BEIJING & SHANGHAI
Pulsing with youthful energy, cosmopolitan Beijing and Shanghai are the nerve centers of modern China. While Beijing is rich in imperial and communist history, Shanghai has long held it’s own as a free-wheeling center of commerce. Both are well worth a visit.
A world away from the sway of the dominant Han culture, Yunnan is home to the lion’s share of China’s traditional tribal cultures—36 distinct tribes in all, including the Naxi, Bai, Miao, Lisu, Lahu, Yao, Manchu, Tibetan and Mongolian peoples. Often compared to the proverbial Shangri-la, this area’s natural beauty is on par with it’s stunning cultural wealth.
DUNHUANG, TURPAN, KASHGAR
The transcontinental Silk Road gave rise to civilization as we know it and also to diverse cities, smack in the middle of some of the world’s most inhospitable terrain. These fascinating oases along the Silk Road, offer the traveler an unparalleled opportunity to grasp the movement of ideas, technologies and religions throughout the past 4,000 years.

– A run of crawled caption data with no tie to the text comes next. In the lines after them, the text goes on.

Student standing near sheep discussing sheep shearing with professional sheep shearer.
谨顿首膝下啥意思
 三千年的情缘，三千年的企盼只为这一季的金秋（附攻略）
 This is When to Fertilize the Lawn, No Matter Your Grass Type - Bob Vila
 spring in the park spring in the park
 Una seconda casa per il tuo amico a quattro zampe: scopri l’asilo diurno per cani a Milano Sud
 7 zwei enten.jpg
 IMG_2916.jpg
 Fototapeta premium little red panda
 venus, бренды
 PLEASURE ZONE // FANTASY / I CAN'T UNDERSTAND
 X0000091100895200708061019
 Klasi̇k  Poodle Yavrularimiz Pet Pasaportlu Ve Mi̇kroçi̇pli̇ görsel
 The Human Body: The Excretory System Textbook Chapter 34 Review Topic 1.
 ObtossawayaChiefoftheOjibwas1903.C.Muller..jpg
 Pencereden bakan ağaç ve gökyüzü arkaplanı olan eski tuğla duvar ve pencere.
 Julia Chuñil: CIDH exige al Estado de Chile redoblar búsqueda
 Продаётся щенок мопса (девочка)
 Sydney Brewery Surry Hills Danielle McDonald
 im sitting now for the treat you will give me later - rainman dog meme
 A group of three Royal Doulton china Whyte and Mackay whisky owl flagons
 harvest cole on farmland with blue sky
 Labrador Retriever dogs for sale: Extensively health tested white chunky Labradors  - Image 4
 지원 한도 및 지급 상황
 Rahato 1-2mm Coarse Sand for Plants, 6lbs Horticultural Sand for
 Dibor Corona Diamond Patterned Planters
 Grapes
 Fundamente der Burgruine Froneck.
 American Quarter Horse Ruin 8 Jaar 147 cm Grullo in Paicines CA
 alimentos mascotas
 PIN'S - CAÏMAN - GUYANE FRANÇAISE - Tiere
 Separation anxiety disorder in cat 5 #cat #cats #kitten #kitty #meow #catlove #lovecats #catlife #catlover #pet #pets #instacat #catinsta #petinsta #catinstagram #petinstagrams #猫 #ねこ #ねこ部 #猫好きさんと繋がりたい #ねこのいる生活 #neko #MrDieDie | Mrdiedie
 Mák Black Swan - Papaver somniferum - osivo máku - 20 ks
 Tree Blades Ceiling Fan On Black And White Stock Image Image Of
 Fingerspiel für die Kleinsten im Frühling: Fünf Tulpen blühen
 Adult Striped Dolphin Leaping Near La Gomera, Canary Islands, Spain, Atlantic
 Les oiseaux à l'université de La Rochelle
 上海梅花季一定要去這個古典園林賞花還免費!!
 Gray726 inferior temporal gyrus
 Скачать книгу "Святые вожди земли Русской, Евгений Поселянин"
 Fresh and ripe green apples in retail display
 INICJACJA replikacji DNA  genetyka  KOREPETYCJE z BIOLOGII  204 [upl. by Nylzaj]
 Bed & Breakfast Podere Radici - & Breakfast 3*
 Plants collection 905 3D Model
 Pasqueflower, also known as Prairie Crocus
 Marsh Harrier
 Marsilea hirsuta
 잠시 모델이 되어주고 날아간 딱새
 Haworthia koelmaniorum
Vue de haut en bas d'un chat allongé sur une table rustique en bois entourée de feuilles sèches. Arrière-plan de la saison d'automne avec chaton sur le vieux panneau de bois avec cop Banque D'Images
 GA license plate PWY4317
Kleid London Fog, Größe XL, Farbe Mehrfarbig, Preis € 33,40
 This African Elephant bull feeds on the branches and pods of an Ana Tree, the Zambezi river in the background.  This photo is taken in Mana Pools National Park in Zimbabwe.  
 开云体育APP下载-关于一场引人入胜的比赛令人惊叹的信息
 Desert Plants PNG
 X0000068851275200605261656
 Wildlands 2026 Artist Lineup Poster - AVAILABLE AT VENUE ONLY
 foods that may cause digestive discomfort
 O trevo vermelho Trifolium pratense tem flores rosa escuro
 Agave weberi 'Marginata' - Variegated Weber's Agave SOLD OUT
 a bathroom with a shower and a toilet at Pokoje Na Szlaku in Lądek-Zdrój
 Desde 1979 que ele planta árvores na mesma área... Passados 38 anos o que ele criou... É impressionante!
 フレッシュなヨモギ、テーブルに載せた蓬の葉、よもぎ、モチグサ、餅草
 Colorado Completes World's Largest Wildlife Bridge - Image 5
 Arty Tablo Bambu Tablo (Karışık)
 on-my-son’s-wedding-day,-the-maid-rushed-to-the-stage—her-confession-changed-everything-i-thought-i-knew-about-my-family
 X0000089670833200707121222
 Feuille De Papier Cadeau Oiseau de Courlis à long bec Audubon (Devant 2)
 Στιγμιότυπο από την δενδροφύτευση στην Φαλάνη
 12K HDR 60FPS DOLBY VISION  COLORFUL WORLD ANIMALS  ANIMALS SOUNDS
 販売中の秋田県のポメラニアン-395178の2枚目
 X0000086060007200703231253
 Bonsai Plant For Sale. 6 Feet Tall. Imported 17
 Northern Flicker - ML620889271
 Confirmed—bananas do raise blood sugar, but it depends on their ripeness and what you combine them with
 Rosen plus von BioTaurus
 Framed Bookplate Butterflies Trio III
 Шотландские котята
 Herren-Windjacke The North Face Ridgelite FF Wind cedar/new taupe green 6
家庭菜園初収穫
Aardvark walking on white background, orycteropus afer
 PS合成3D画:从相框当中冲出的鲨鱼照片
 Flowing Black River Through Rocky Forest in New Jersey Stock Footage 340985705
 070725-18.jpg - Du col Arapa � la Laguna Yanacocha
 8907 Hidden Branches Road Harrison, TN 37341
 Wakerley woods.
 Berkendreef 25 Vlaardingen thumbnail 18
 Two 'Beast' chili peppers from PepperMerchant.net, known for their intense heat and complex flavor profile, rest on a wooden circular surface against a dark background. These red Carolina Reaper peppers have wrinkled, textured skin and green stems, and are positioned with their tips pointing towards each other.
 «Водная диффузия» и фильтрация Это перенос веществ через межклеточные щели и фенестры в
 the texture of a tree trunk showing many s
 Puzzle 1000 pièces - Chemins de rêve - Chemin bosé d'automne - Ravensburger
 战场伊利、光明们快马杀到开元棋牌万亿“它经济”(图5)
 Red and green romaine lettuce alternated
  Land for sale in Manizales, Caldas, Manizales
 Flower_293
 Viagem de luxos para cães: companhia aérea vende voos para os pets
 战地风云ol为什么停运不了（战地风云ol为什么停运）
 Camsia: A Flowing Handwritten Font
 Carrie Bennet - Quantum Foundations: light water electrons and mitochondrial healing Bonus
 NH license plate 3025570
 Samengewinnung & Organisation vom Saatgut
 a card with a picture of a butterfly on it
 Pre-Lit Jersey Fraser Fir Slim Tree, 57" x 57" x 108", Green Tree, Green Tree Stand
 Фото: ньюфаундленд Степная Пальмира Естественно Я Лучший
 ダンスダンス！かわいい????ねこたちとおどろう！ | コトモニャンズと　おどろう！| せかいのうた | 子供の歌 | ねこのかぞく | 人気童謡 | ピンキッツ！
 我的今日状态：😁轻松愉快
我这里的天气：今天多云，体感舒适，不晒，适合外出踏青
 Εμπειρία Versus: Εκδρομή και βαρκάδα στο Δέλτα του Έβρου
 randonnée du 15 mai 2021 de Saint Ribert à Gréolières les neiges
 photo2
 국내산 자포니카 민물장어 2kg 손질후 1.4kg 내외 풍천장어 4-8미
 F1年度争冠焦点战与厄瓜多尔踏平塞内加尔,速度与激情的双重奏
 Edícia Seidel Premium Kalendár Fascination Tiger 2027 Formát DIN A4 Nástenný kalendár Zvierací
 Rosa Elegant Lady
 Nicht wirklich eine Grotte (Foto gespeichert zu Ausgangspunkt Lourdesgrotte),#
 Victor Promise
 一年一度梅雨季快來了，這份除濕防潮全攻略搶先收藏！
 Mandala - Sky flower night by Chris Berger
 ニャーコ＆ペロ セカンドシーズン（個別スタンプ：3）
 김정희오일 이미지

Second to the Great Wall, China’s most iconic site might not be a site at all, but the Giant Panda. The Giant Panda Breeding Research Base near Chengdu is perhaps the best place in the country to get up close to these fascinating creatures. The research base is deeply devoted to the conservation of China’s most beloved animal and welcomes visitors.
GUILIN, PING AN, YANGSHUO
Like a traditional Chinese painting come to life, the landscape around these towns is as surreal as it is serene. Nearly vertical karsts soar from verdant rice paddies while the Yangzi River meanders through the misty hills.
One of China’s most compelling and evocative sights, the Terracotta Warriors must be seen to be believed. Discovered by a farmer digging a well, this stunning archaeological find has revealed over 8,000 uniquely-crafted warriors but archaeologists believe that they are merely one part of a vast army that surrounds the still unexcavated burial mound of the emperor.